(Information given Opens)

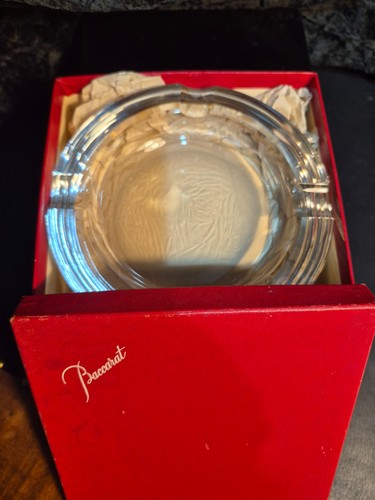 Cendrier cristal baccarat - cendrier,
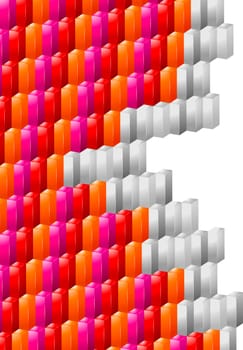 Illustration of Abstract Background Design for Poster, Cover, Layout or Decoration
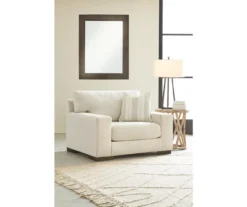 Maggie White Chair And A Half -Optimal furniture sale 810612352 5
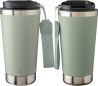 Vaso termo de acero inoxidable reciclado con correa Personalizado - Imagen 19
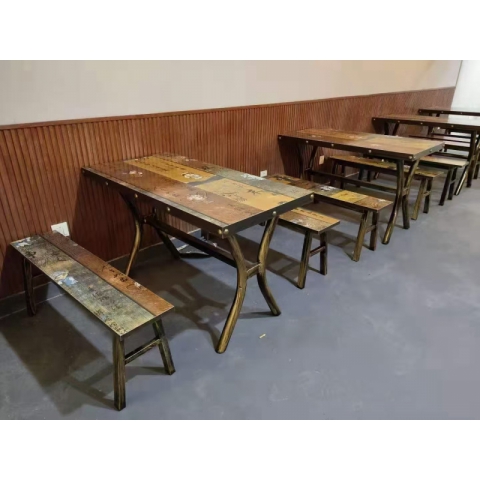 勝芳酒店家具 長(zhǎng)條桌 酒店長(zhǎng)條桌 快餐桌  快餐桌椅 酒店椅 酒店桌 桌子 酒店餐桌 丹林家具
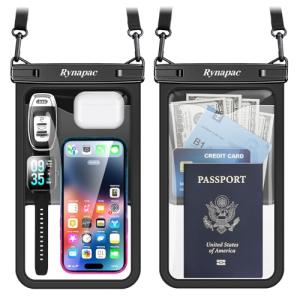 Large Waterproof Phone Pouch Bag - 2 Pack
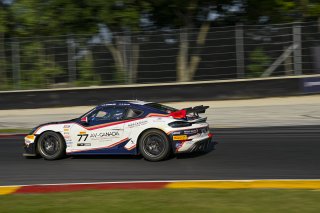 #77 Porsche 718 Cayman GT4 RS Clubsport of Danny Dyszelski and Alex Ellis, VPX Motorsport, GT4 America, Silver, SRO America, Road America, Elkhart Lake, WI, Aug 15 - 17, 2025
 | Fred Hardy Jr. | www.FredHardyPhoto.com ©2025 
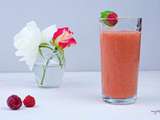 Jus de tomates et framboises (vegan)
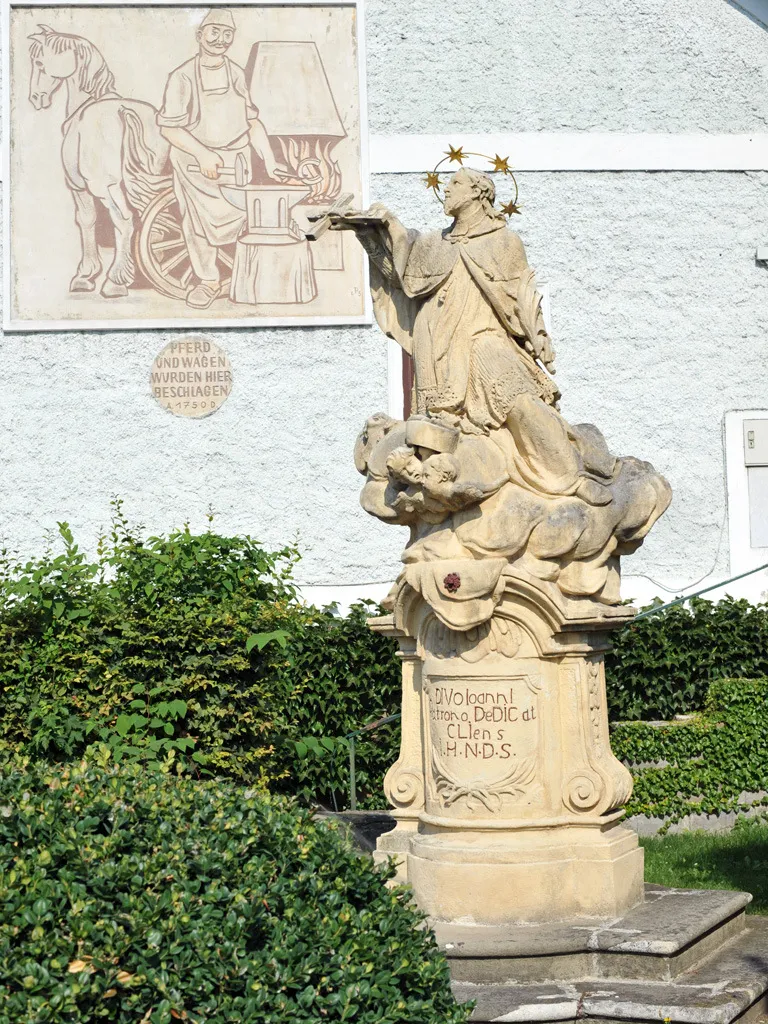 Photo showing: Gablitz: Figurenbildstock hl. Johann Nepomuk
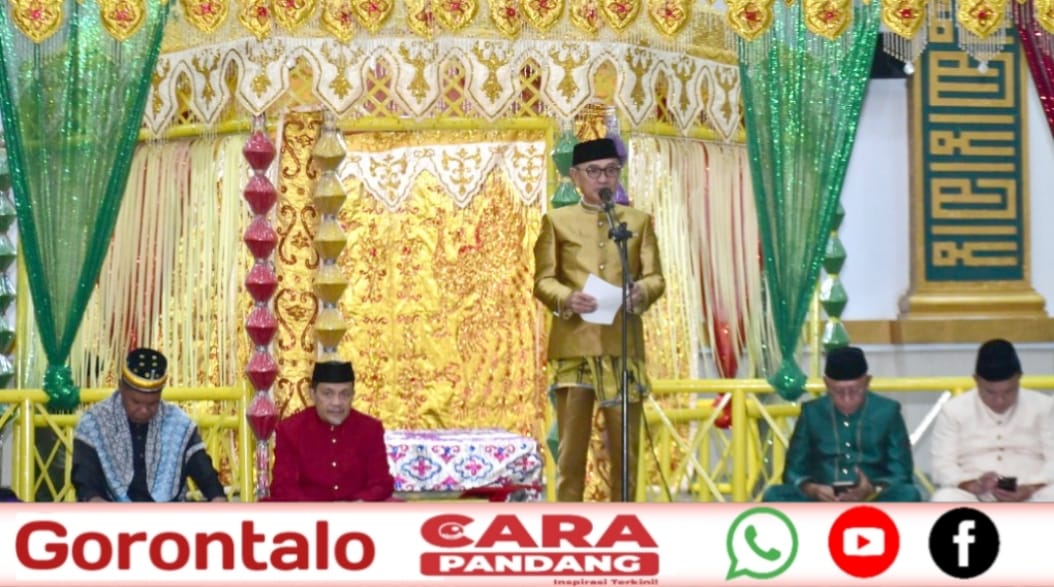 28 Pemerintah Daerah Kabupaten Pohuwato bersama unsur lembaga adat menggelar perayaan Maulid Nabi Muhammad SAW 1447 Hijriah di Masjid Agung Baiturrahim, Kamis (04/09/2025).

(Information given Closes)

Output the records verbatim without pictures.

Response to this exercise —
 Cendrier cristal baccarat - cendrier,
 Illustration of Abstract Background Design for Poster, Cover, Layout or Decoration
 Maggie White Chair And A Half -Optimal furniture sale 810612352 5
 Vaso termo de acero inoxidable reciclado con correa Personalizado - Imagen 19
 勝芳酒店家具 長(zhǎng)條桌 酒店長(zhǎng)條桌 快餐桌  快餐桌椅 酒店椅 酒店桌 桌子 酒店餐桌 丹林家具
 Large Waterproof Phone Pouch Bag - 2 Pack
 #77 Porsche 718 Cayman GT4 RS Clubsport of Danny Dyszelski and Alex Ellis, VPX Motorsport, GT4 America, Silver, SRO America, Road America, Elkhart Lake, WI, Aug 15 - 17, 2025
 | Fred Hardy Jr. | www.FredHardyPhoto.com ©2025 
 Jus de tomates et framboises (vegan)
 Photo showing: Gablitz: Figurenbildstock hl. Johann Nepomuk
 28 Pemerintah Daerah Kabupaten Pohuwato bersama unsur lembaga adat menggelar perayaan Maulid Nabi Muhammad SAW 1447 Hijriah di Masjid Agung Baiturrahim, Kamis (04/09/2025).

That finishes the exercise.